Why don’t you boys take care of whatever you’ve got between you, said the bartender. Go take care of it, and then you can come back in and have a drink, O.K.?
The sandy-haired boy waited while Chenier stopped by Walter’s end of the bar to pick up his hat. By then Harrison III had begun the saga of his mother, her many marriages, her money, her mansion. The Cajun paused and leaned in to listen.

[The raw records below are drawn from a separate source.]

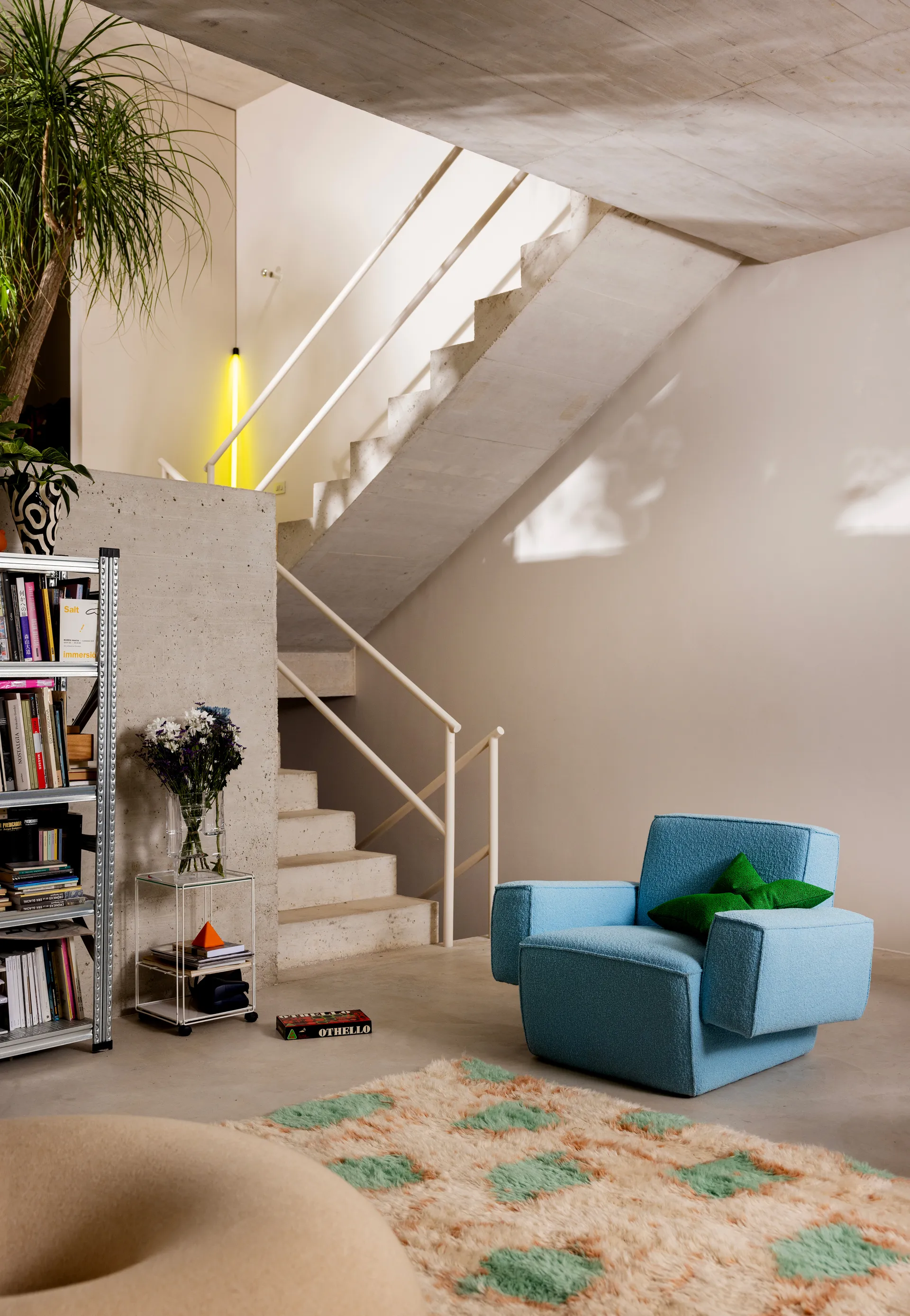 Hunk lounge fotel z podłokietnikami, Icicle Hem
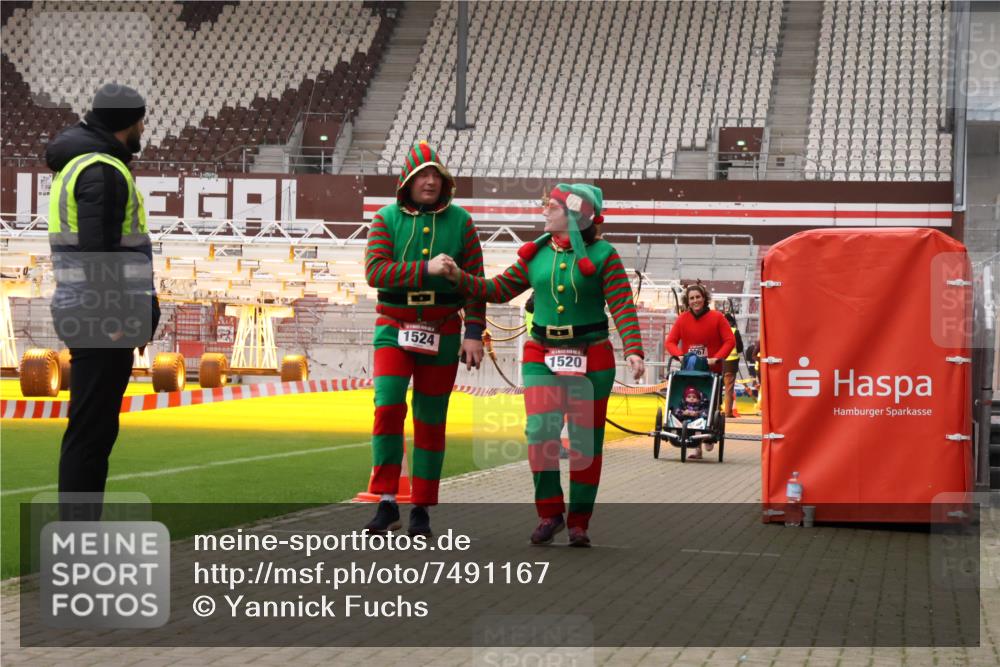 08.12.2024 - St. Pauli X-Mass-Run No. 14 Yannick Fuchs http://msf.ph/oto/7491167 08.12.2024 10:42:26 Ziel 1334, 1528, 2067, 3235 meine-sportfotos.de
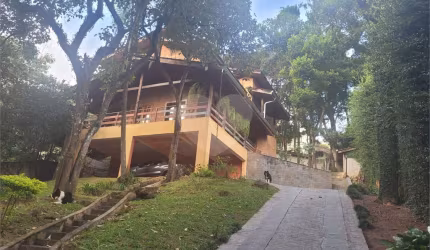Sobrado com 4 quartos à venda em Roseira - SP
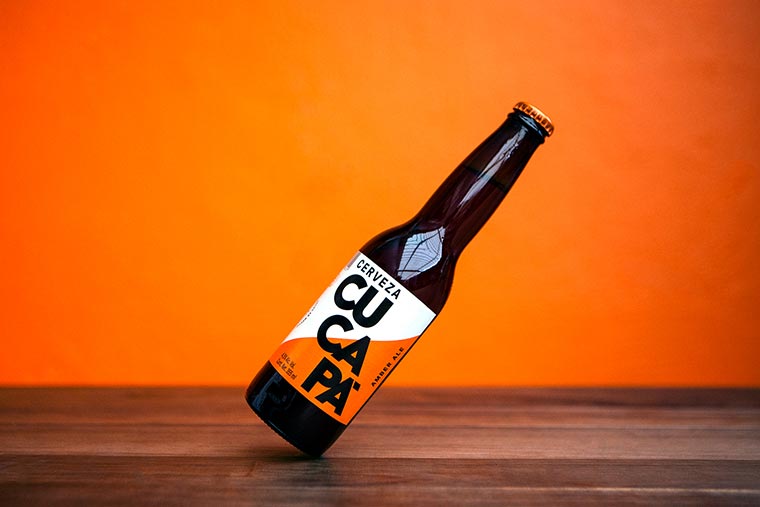 濃濃的藍領工人風格，Cucapá啤酒品牌包裝設計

What’s going on? said Walter.
I don’t know…. said Chenier, slowly. This boy here seems to have a problem with me.
The sandy-haired boy smiled and spoke loudly from down the bar. I’m going to teach your nigger friend a lesson, he said, but Walter made no effort to argue with him; he was too drunk to quite register the insult, there in such crimson luxury with women and music; it caused him little more than a thought to the wind outside and his home back home. There was a bit of banal silence, and then the other two were gone.
The Cajun died that night, beaten to death in five minutes in the night behind the hotel’s service entrance, by three men who were never found. At the end there was steam coming off of him, but he was shivering, and the last thing he saw was a big dirty grey cat licking at his ankle. Skk, said Chenier. Skk.
It was only when the M.P.s entered the ballroom that Walter, Hamilton III, and Lukas realized that anything was wrong at all. They’d noticed that the Cajun was missing, and they knew he was in some kind of trouble, but they’d figured it was just going to be a little bit of pushing, something in the dark that any one of them might have confronted. Maybe he’d made friends with the sandy-haired boy and gone off to other pleasures. No.
The policemen separated them and brought them back to the station; there they were questioned, one by one: What are your names, and what unit are you from? Where have you been tonight? What have you been doing? Who was your friend? Who was he talking to at the bar? The three of them, Hamilton III, Lukas, and Walter himself, had hardly looked at the boy long enough to see him; they had heard the word nigger, and that had told them everything they needed to know. You didn’t see him? said the investigating officer to Walter. Your buddy goes out to fight three other men, and you don’t even see who it is? Why didn’t you go with him? Why didn’t you help him?
Walter was eighteen years old and had nothing to say, though a mad tear of dishonor slipped down the side of his nose. The drinking had long since left him, and their loss was strange; no one was supposed to get hurt until combat, and then only gloriously. No one was supposed to die upon dancing. Back at the base the three who were still alive had their last conversation. God damn it, said Lukas. Why’d the son of a bitch leave us? Why didn’t he ask for help? But all of them knew that they had done something too indecent to be washed away by sunlight or sobriety, or even the war to come. They had been careless and star-cursed, and Chenier had died.